What to work on: Transcribe each record as written.

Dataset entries
<<<<

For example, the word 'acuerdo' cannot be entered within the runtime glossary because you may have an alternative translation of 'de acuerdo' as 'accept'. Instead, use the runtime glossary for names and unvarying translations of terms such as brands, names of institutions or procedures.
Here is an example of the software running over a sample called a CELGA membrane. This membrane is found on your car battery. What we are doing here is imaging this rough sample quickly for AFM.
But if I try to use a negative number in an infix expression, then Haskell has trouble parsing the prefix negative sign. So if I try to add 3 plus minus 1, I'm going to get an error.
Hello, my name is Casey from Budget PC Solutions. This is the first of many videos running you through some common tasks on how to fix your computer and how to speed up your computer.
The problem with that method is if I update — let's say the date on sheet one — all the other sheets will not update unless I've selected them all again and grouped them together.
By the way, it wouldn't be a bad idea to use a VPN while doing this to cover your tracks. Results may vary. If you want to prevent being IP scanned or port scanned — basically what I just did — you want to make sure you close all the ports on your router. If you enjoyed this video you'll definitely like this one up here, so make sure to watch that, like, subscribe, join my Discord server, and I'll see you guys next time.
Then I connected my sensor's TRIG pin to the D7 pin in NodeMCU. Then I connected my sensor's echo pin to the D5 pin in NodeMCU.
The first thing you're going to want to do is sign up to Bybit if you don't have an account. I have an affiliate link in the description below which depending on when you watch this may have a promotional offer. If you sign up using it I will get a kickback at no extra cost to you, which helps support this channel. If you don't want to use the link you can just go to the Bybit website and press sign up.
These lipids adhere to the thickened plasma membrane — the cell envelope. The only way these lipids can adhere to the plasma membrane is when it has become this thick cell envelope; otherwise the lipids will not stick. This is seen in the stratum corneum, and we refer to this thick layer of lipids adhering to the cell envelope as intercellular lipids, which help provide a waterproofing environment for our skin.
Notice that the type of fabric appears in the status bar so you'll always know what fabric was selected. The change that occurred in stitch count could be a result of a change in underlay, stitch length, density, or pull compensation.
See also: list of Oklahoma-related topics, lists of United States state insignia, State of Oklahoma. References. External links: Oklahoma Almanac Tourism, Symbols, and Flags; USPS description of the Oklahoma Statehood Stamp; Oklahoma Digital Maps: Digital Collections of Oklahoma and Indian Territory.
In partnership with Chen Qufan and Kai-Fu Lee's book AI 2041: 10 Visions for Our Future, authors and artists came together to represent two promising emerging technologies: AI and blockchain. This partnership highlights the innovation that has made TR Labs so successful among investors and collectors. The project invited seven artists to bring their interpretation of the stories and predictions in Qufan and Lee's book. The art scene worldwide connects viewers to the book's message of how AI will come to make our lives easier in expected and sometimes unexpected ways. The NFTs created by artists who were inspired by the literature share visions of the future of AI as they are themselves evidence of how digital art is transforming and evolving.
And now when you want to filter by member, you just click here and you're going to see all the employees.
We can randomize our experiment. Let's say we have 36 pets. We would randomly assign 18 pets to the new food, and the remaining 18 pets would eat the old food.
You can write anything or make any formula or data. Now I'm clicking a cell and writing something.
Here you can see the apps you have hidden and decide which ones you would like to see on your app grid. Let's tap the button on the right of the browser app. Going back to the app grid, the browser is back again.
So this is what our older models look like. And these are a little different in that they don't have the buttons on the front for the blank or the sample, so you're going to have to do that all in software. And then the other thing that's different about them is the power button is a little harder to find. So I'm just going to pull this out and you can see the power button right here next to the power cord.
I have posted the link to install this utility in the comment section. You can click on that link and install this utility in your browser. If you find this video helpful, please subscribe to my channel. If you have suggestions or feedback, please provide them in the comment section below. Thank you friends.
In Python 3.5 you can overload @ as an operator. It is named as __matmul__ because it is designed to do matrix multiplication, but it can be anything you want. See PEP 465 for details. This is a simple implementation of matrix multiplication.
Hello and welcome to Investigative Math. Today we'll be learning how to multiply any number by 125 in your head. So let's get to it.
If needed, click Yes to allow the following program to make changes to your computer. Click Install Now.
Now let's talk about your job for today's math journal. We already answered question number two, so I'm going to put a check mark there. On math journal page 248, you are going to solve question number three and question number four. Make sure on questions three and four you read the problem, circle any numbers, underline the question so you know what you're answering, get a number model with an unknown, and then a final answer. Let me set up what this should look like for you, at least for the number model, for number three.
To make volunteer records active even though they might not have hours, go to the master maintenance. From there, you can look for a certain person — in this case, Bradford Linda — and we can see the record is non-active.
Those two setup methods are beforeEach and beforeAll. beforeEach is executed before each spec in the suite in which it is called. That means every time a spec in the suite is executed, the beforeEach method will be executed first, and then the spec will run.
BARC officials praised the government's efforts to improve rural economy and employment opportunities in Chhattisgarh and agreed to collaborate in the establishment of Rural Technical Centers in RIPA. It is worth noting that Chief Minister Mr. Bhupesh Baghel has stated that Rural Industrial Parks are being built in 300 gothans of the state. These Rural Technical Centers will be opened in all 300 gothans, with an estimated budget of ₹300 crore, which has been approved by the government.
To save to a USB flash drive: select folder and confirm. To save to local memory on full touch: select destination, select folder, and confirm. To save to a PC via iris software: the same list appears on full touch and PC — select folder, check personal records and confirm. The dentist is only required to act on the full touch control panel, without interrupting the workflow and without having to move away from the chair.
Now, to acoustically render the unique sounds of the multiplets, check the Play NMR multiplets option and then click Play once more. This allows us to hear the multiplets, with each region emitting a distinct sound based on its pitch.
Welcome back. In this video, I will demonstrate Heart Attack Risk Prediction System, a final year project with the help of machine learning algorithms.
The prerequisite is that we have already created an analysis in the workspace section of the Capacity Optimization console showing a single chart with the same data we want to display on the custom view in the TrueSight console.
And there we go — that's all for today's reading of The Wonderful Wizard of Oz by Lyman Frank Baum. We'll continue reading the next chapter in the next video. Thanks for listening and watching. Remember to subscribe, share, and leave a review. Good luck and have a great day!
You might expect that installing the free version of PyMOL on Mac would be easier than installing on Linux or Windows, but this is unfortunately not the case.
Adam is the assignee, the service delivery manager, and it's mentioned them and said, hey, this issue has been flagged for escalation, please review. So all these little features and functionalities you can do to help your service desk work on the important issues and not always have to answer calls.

>>>>

Answer space:
For example, the word 'acuerdo' cannot be entered within the runtime glossary because you may have an alternative translation of 'de acuerdo' as 'accept'. Instead, use the runtime glossary for names and unvarying translations of terms such as brands, names of institutions or procedures.
Here is an example of the software running over a sample called a CELGA membrane. This membrane is found on your car battery. What we are doing here is imaging this rough sample quickly for AFM.
But if I try to use a negative number in an infix expression, then Haskell has trouble parsing the prefix negative sign. So if I try to add 3 plus minus 1, I'm going to get an error.
Hello, my name is Casey from Budget PC Solutions. This is the first of many videos running you through some common tasks on how to fix your computer and how to speed up your computer.
The problem with that method is if I update — let's say the date on sheet one — all the other sheets will not update unless I've selected them all again and grouped them together.
By the way, it wouldn't be a bad idea to use a VPN while doing this to cover your tracks. Results may vary. If you want to prevent being IP scanned or port scanned — basically what I just did — you want to make sure you close all the ports on your router. If you enjoyed this video you'll definitely like this one up here, so make sure to watch that, like, subscribe, join my Discord server, and I'll see you guys next time.
Then I connected my sensor's TRIG pin to the D7 pin in NodeMCU. Then I connected my sensor's echo pin to the D5 pin in NodeMCU.
The first thing you're going to want to do is sign up to Bybit if you don't have an account. I have an affiliate link in the description below which depending on when you watch this may have a promotional offer. If you sign up using it I will get a kickback at no extra cost to you, which helps support this channel. If you don't want to use the link you can just go to the Bybit website and press sign up.
These lipids adhere to the thickened plasma membrane — the cell envelope. The only way these lipids can adhere to the plasma membrane is when it has become this thick cell envelope; otherwise the lipids will not stick. This is seen in the stratum corneum, and we refer to this thick layer of lipids adhering to the cell envelope as intercellular lipids, which help provide a waterproofing environment for our skin.
Notice that the type of fabric appears in the status bar so you'll always know what fabric was selected. The change that occurred in stitch count could be a result of a change in underlay, stitch length, density, or pull compensation.
See also: list of Oklahoma-related topics, lists of United States state insignia, State of Oklahoma. References. External links: Oklahoma Almanac Tourism, Symbols, and Flags; USPS description of the Oklahoma Statehood Stamp; Oklahoma Digital Maps: Digital Collections of Oklahoma and Indian Territory.
In partnership with Chen Qufan and Kai-Fu Lee's book AI 2041: 10 Visions for Our Future, authors and artists came together to represent two promising emerging technologies: AI and blockchain. This partnership highlights the innovation that has made TR Labs so successful among investors and collectors. The project invited seven artists to bring their interpretation of the stories and predictions in Qufan and Lee's book. The art scene worldwide connects viewers to the book's message of how AI will come to make our lives easier in expected and sometimes unexpected ways. The NFTs created by artists who were inspired by the literature share visions of the future of AI as they are themselves evidence of how digital art is transforming and evolving.
And now when you want to filter by member, you just click here and you're going to see all the employees.
We can randomize our experiment. Let's say we have 36 pets. We would randomly assign 18 pets to the new food, and the remaining 18 pets would eat the old food.
You can write anything or make any formula or data. Now I'm clicking a cell and writing something.
Here you can see the apps you have hidden and decide which ones you would like to see on your app grid. Let's tap the button on the right of the browser app. Going back to the app grid, the browser is back again.
So this is what our older models look like. And these are a little different in that they don't have the buttons on the front for the blank or the sample, so you're going to have to do that all in software. And then the other thing that's different about them is the power button is a little harder to find. So I'm just going to pull this out and you can see the power button right here next to the power cord.
I have posted the link to install this utility in the comment section. You can click on that link and install this utility in your browser. If you find this video helpful, please subscribe to my channel. If you have suggestions or feedback, please provide them in the comment section below. Thank you friends.
In Python 3.5 you can overload @ as an operator. It is named as __matmul__ because it is designed to do matrix multiplication, but it can be anything you want. See PEP 465 for details. This is a simple implementation of matrix multiplication.
Hello and welcome to Investigative Math. Today we'll be learning how to multiply any number by 125 in your head. So let's get to it.
If needed, click Yes to allow the following program to make changes to your computer. Click Install Now.
Now let's talk about your job for today's math journal. We already answered question number two, so I'm going to put a check mark there. On math journal page 248, you are going to solve question number three and question number four. Make sure on questions three and four you read the problem, circle any numbers, underline the question so you know what you're answering, get a number model with an unknown, and then a final answer. Let me set up what this should look like for you, at least for the number model, for number three.
To make volunteer records active even though they might not have hours, go to the master maintenance. From there, you can look for a certain person — in this case, Bradford Linda — and we can see the record is non-active.
Those two setup methods are beforeEach and beforeAll. beforeEach is executed before each spec in the suite in which it is called. That means every time a spec in the suite is executed, the beforeEach method will be executed first, and then the spec will run.
BARC officials praised the government's efforts to improve rural economy and employment opportunities in Chhattisgarh and agreed to collaborate in the establishment of Rural Technical Centers in RIPA. It is worth noting that Chief Minister Mr. Bhupesh Baghel has stated that Rural Industrial Parks are being built in 300 gothans of the state. These Rural Technical Centers will be opened in all 300 gothans, with an estimated budget of ₹300 crore, which has been approved by the government.
To save to a USB flash drive: select folder and confirm. To save to local memory on full touch: select destination, select folder, and confirm. To save to a PC via iris software: the same list appears on full touch and PC — select folder, check personal records and confirm. The dentist is only required to act on the full touch control panel, without interrupting the workflow and without having to move away from the chair.
Now, to acoustically render the unique sounds of the multiplets, check the Play NMR multiplets option and then click Play once more. This allows us to hear the multiplets, with each region emitting a distinct sound based on its pitch.
Welcome back. In this video, I will demonstrate Heart Attack Risk Prediction System, a final year project with the help of machine learning algorithms.
The prerequisite is that we have already created an analysis in the workspace section of the Capacity Optimization console showing a single chart with the same data we want to display on the custom view in the TrueSight console.
And there we go — that's all for today's reading of The Wonderful Wizard of Oz by Lyman Frank Baum. We'll continue reading the next chapter in the next video. Thanks for listening and watching. Remember to subscribe, share, and leave a review. Good luck and have a great day!
You might expect that installing the free version of PyMOL on Mac would be easier than installing on Linux or Windows, but this is unfortunately not the case.
Adam is the assignee, the service delivery manager, and it's mentioned them and said, hey, this issue has been flagged for escalation, please review. So all these little features and functionalities you can do to help your service desk work on the important issues and not always have to answer calls.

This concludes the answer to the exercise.